The AKR gene regulation function makes it a potential antigen for vaccine development against vector infestations. Thus, to determine whether AKR could represent a novel target for an An. gambiae infestations control and also to determine its influence on Plasmodium infection process, we vaccinated mice with recombinant AKR from Ae. albopictus.

Following silencing data, AKR vaccination was expected to primarily reduce An. gambiae reproductive and survival parameters since it has been reported that this protein is related not only to the embryonic development of insects [38] or involved in muscle development [39] but also influences infection levels due to its immunity related functions. Previous immunization experiments using this antigen showed a reduction in the oviposition and fertility of Ae. albopictus mosquitoes fed on immunized uninfected mice when compared to controls [17, 18]. Egg production was also reduced in An. gambiae fed on AKR immunized uninfected mice but AKR did not affect An. gambiae survival after feeding on immunized mice in accordance to other reports [17, 18].

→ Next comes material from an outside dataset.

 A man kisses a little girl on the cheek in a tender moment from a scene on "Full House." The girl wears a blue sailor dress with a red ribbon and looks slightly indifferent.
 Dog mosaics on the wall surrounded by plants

Antibodies against recombinant AKR significantly reduced the infection on An. gambiae by P. berghei suggesting that AKR might contribute to the development of vaccines against malaria by reducing parasite infection levels in vector mosquito species. In opposition of what was expected, results suggest that blocking the AKR protein in the cells did not distress Imd pathway but rather we may be targeting protein translocation disturbing, thus, the cell response to infection [25].

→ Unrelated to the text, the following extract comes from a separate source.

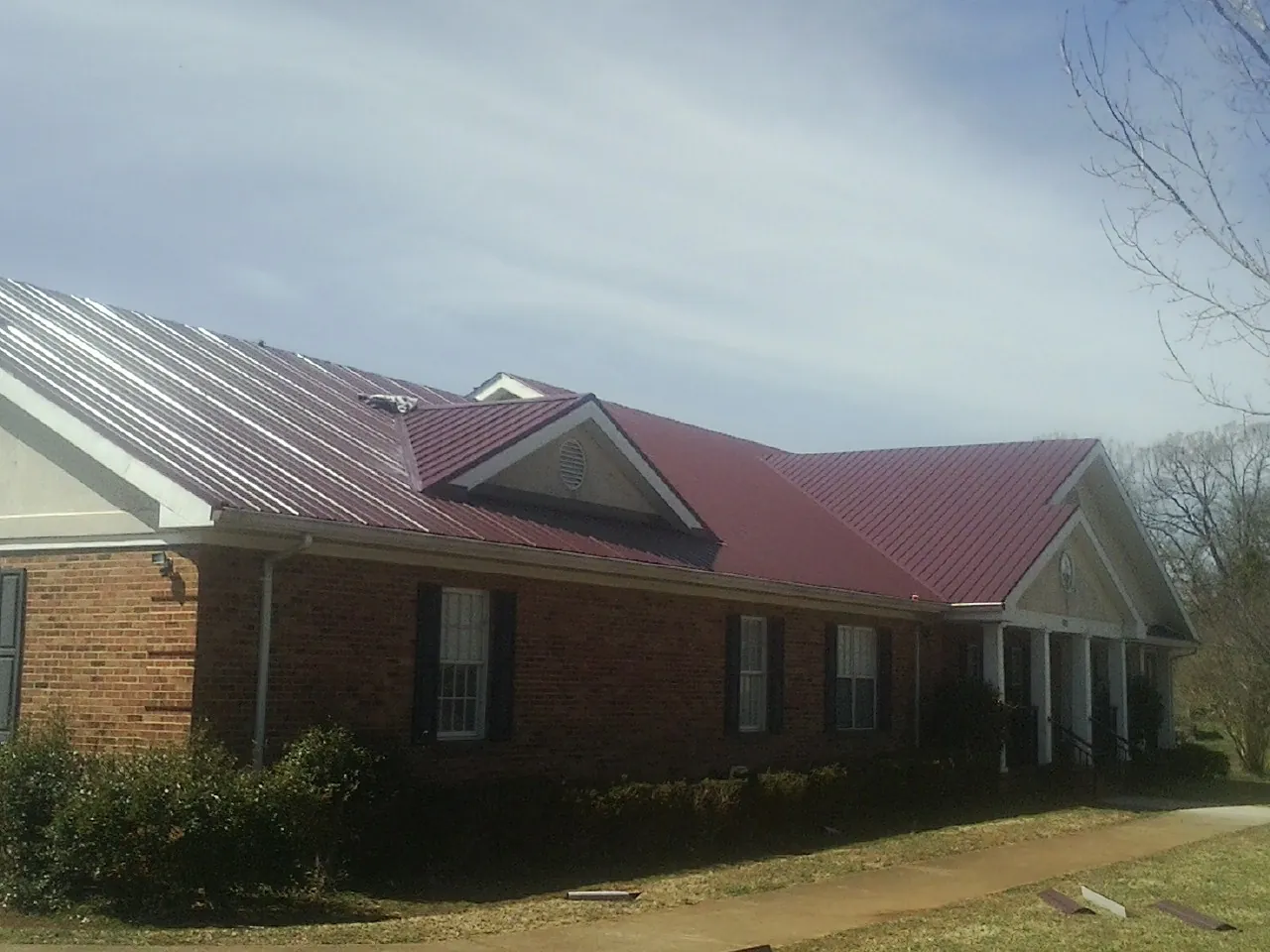 Red metal roof with gabled entries on a long brick building, from a Hail Damage Roof Repair job in Camas Valley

The protection elicited by the anti-mosquito vaccine is based on the production antibodies in the vaccinated mice that may interact and affect the function of the target antigen (AKR) leading to a response against Plasmodium proteins. The development of vaccines against blood-sucking arthropod ectoparasites such as mosquitoes is based on the concept that ectoparasites ingest antigen-specific antibodies when feeding on immunized hosts. These antibodies interact with the protective antigen in the arthropod to affect the function and/or quantity of the protein, resulting in reduced survival, reproduction and/or infection with vector-borne pathogens. For SUB/AKR, the mode of action of the antibodies is not completely understood but may be the result of antibodies crossing the cell membrane and interacting with the protein in the cytoplasm to prevent protein translocation to the nucleus [15, 16, 25, 35, 40]. The issue of vaccine safety with antigens such as AKR that are conserved between invertebrate and vertebrate hosts has been addressed before, suggesting in a low risk to induce autoimmune responses in vertebrate hosts [17, 18, 33].

Conclusions

In summary, the results reported here showed that recombinant AKR could be used to develop vaccines for malaria control. If effective, AKR-based vaccines could be used to immunize wildlife reservoir hosts and/or humans to reduce the risk of pathogen transmission.